Aurora - 5

73.8K 9.4K 1.3K
                                    

Gue sedang berdiri di pinggir jalan sembari menyeruput minuman hangat. Udara malam ini cukup dingin. Ditambah lagi, sejak tadi gue melihat banyak pasangan yang berlalu-lalang dengan bergandengan tangan. Gue iri. Berharap ada cowok tampan yang sudi menghangatkan tangan gue. Rasanya jari-jari gue sudah penuh debu dan usang karena terlalu lama sendiri.

"Aurora."

Gue menoleh. Senyum si pemanggil nama gue itu membuat saluran pernapasan gue mendadak sempit.
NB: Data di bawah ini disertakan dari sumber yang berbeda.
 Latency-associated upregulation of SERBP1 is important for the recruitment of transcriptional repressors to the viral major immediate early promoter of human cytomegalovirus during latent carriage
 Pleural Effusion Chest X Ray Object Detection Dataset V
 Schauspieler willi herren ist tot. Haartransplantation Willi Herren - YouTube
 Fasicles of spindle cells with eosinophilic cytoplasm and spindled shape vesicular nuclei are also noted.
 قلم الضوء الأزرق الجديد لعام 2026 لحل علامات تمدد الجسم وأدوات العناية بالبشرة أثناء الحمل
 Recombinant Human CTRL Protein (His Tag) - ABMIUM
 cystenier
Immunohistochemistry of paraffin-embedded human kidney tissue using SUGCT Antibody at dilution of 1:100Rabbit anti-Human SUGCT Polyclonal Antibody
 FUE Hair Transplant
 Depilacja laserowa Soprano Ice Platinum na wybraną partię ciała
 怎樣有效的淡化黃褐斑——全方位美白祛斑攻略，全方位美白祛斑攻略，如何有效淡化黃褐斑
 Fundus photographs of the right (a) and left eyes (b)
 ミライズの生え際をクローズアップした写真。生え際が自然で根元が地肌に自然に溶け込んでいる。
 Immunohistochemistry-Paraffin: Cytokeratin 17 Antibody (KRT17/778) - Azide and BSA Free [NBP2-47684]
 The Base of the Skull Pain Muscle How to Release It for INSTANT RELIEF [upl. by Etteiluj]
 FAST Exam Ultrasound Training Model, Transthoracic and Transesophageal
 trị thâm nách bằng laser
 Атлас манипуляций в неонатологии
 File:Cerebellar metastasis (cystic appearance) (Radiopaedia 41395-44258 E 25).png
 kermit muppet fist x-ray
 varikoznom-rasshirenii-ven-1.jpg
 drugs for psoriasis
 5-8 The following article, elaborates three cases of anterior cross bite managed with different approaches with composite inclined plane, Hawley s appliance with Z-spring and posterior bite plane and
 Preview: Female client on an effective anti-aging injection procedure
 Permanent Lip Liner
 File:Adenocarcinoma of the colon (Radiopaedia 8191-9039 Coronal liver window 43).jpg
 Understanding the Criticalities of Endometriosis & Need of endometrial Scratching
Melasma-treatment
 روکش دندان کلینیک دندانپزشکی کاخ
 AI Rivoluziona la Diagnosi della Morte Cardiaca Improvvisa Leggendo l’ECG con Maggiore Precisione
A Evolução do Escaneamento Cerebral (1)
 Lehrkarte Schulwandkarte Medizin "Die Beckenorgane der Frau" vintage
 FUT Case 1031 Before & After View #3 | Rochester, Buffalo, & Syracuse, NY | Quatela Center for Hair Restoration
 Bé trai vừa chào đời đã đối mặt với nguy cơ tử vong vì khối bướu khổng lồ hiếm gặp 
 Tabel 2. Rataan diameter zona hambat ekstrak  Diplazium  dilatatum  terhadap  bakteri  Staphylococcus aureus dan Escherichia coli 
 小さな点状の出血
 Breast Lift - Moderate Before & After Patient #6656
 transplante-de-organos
Levin—temen sekelas gue asal Vancouver—memang tampan. Dalam sekejap, gue mendapatkan tatapan iri dari beberapa orang yang lewat. Hah! Mereka pasti mengira Levin ini pacar gue.

"Bagaimana? Lancar?" tanya gue.

"Lancar. Kau sendiri? Sudah selesai?" Levin balik bertanya.

Gue mengangguk. Di saat bersamaan, Lisa dan Joyceline pun datang. Kami berempat satu kelompok dan Levin jadi satu-satunya cowok di kelompok kami.

"Mission completed! Jadi, selanjutnya bagaimana?" tanya Lisa.

"Kita selesaikan malam ini. Besok kan tidak ada kelas pagi. Jadi tidak masalah kalau kita lembur," tawar Joyceline.

"Boleh juga. Kita kerjakan di mana?" sahut Levin.

"Di tempatku dan Aurora saja. Bagaimana?" usul Lisa.

"Oke," angguk Levin.

Setelah semuanya setuju, kami pun langsung meluncur ke apartemen untuk menyelesaikan tugas kelompok. Lembur juga nggak masalah. Besok gue cuma ada dua mata kuliah dari jam sebelas sampai jam dua siang. Dan sepulang kuliah, gue harus meluncur ke apartemen Bryan. Gue harus mencuci dan menyetrika pakaian mahal dia. Lalu membersihkan apartemen dia yang sebenarnya selalu bersih karena jarang berdebu.

Satu hal yang belum bisa gue lakukan: masak makanan Korea.

Gue masih dalam tahap belajar. Jadi daripada gue memasakkan makanan nggak layak konsumsi, lebih baik gue jujur dari awal. Gue cuma bisa membuatkan makanan simpel semacam nasi goreng, mie goreng, tumis-tumisan, dan masakan yang mudah lainnya.

"Aurora," panggil Joyceline menghancurkan lamunan gue.

Gue menoleh.

"Bagaimana pekerjaanmu?" tanya Joyceline. Dia adalah make up artist yang memberi tahu soal kerja part time di apartemen Bryan. Kebetulan dia itu teman sekelas gue di kampus.

"Baik," jawab gue singkat sambil mengacungkan jempol.

"Syukurlah. Kau tidak keteteran, kan?"

Gue tersenyum. "Tidak. Terkadang aku memang lelah. Tapi sudah risikoku. Aku harus bertanggungjawab pada pekerjaanku."

"Aku tahu kau pasti bisa melakukannya. Aku tidak salah pilih orang," ujar Joyceline tersenyum cantik.

"Terima kasih, ya. Aku benar-benar terbantu," balas gue.

"Tidak usah dipikirkan."

Dan malam itu pun, kelompok gue isi dengan lembur demi seonggok nilai "Perfect" dalam transkrip nilai kami kelak.

🍃🍃🍃

Besoknya, badan gue serasa mau rontok saat tiba di apartemen Bryan. Cowok itu masih ada jadwal manggung—katanya. Tapi sebentar lagi dia selesai. Kata dia, gue masuk duluan saja dan lakukan apa yang sudah jadi tugas gue. Gue hanya mengiyakan saja.

Gue nggak tau kenapa dia percaya banget sama gue sampai-sampai berani menyerahkan cardlock cadangan. Gue pun bisa mengakses apartemen dia dengan mudah. Kalo seperti gini, gue merasa seperti jadi pacarnya. Nggak salah dong kalau gue berkhayal seperti ini? Situasinya mendukung sih.